As an unabashed supporter of solar power, I cringe a bit when I see other enthusiasts make overly broad claims of what we can expect from solar in the near term. Longer term, most seem to feel that solar will make a huge contribution. But between now and 2075, when most policies will be implemented to combat global warming, expectations of solar need to be tempered.
It doesn’t help when opponents of solar power (they’re not really opponents of solar power–they just object to it being accorded subsidy and privilege, sometimes at the expense of fossil fuels) try to show how solar cannot deliver on extravagant claims that… nobody is making.
A case in point is a post up at my friend Anthony Watts’ website, Watts Up With That. A post titled ‘The Green Mirage‘ repeats and helps perpetuate misconceptions about what can be reasonably expected of solar, its impact and even its footprint.
The post, which is actually a review of a piece in Forbes that draws heavily on this piece from fusion4freedom, tries to make the following points:
Here they describe the theoretical footprint of enough solar panels to power the United States–to provide all its energy needs. This is in response to a prediction by Ray Kurzweil that this would happen in 20 years.
But Kurzweil is pretty much alone in his prediction. Almost every forecast has been based on all renewables (not just solar) providing 30% of our electricity needs (not all power). I have the utmost respect for Kurzweil and hope that much of what he writes concerning the Singularity comes to pass.
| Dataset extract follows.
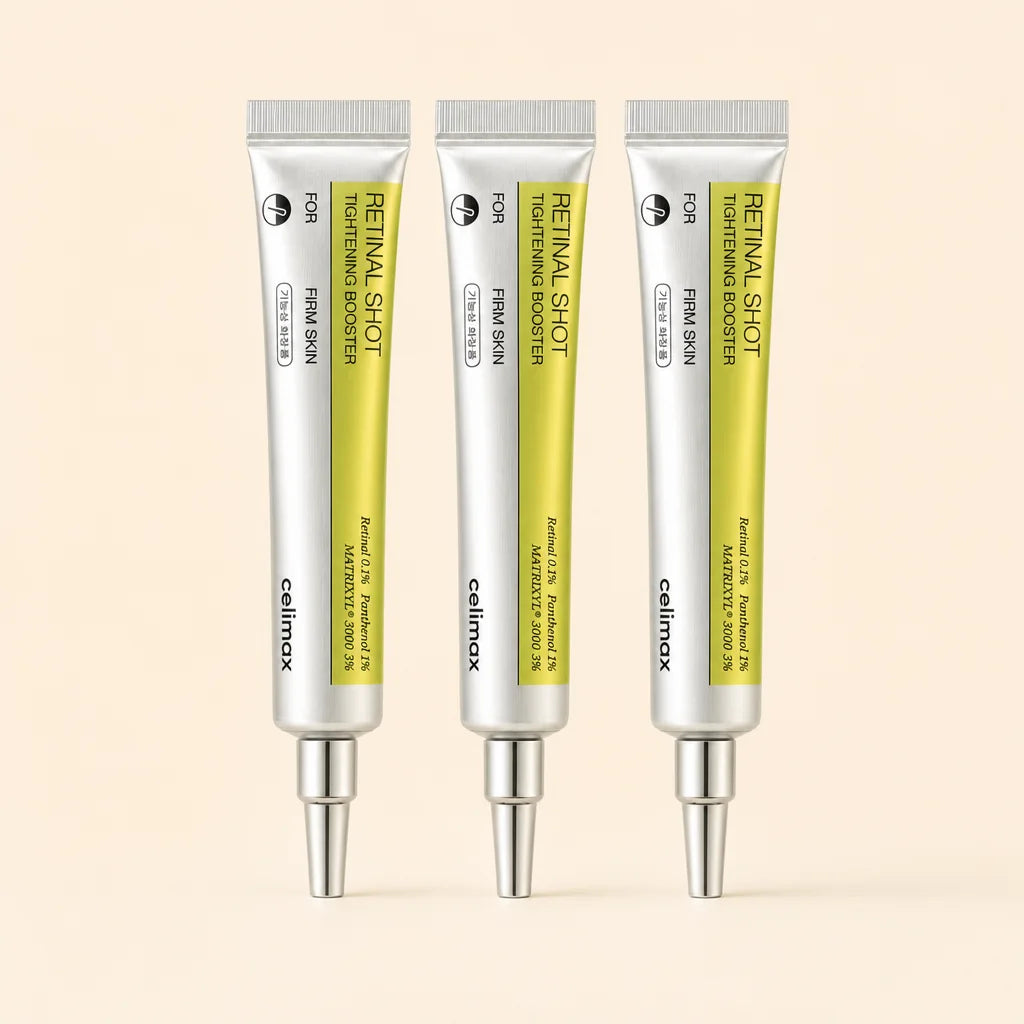 Pack de tres tubos de 15 ml del sérum Celimax Retinal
But providing 100% of our power through solar is not what is being asked of the industry. To provide 30% of our electricity needs, putting wind and wood pellets out of business, would require something on the order of 5 billion panels, not counting those that have already been put up.
As for the footprint issue–sigh… Most solar is placed on rooftops. It doesn’t take any additional space. If very large solar arrays are required, they will take up more space. But most of that space will be in desert that is otherwise not fit for human habitation or industry. I don’t understand why this is even an issue. It’s a strawman.
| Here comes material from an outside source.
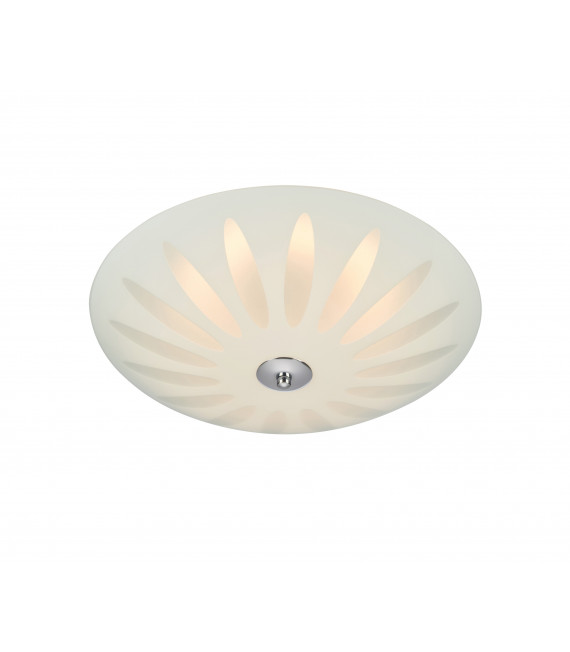 Plafonnier PETAL chromé 1 ampoule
Panels can be built in different sizes. They don’t all need to be ready tomorrow, or indeed in 20 years. There were about 370 high volume solar panel manufacturers last time I looked and they would cheerfully ramp up production if asked. There are idle plants waiting for customer orders all over the world. This is a strawman.
Assuming costs freeze today, building 29.3 billion solar panels might indeed cost $15 trillion, give or take. But costs of solar have declined precipitously and can be expected to continue to decline.
Extending the timeline through 2075 and lowering the number of panels to provide its expected contribution to 30% of electricity needs both lowers the total cost and the annual expenditure. It would cost somewhere near $2.5 trillion. Spread out over 60 years it would amount to about $41 billion a year. For perspective, U.S. subsidies for renewable energy were about $23 billion a couple of years ago.
This is true, but irrelevant. The quest for efficiencies and cost reductions in solar panels don’t have to advance logarithymically forever. The steep decline that we have seen in the prices of solar modules looks similar to Moore’s Law. And efficiencies can still be obtained. But the cost of solar modules doesn’t have to drop to zero. The overall cost of solar (including balance of systems, installation, permitting and light maintenance) only has to drop below the cost of the cheapest competing power source in a given area.
This is already the case in some areas of the U.S. and it’s getting close in others. Another generation or two of module manufacturing should get us there. We don’t need 50 years of continuous advancement. This is a strawman.
This is true. If you draw a bubble map of where solar is applicable strictly from a cost point of view, there are many bubbles of different size. The point is that there are more bubbles than two years ago and the bubbles are larger.
Google has abandoned so many projects in the past 10 years that it is clear that they have a limited attention span and that spending 1 day a week on your pet project is probably not going to power the company to greater glories. Solar power and other renewables may in fact fail to live up to our hopes. But Google predicting that doesn’t mean a thing. They give up too quickly.
Solar power can, if cultivated properly and used intelligently, provide 30% of the electricity requirements of the United States. It can do so without costing much more than we are spending now. It can do so without ruining landscapes.
That is what was asked of the technology. Complaining that it won’t wash your car or feed your baby as well is a little unfair.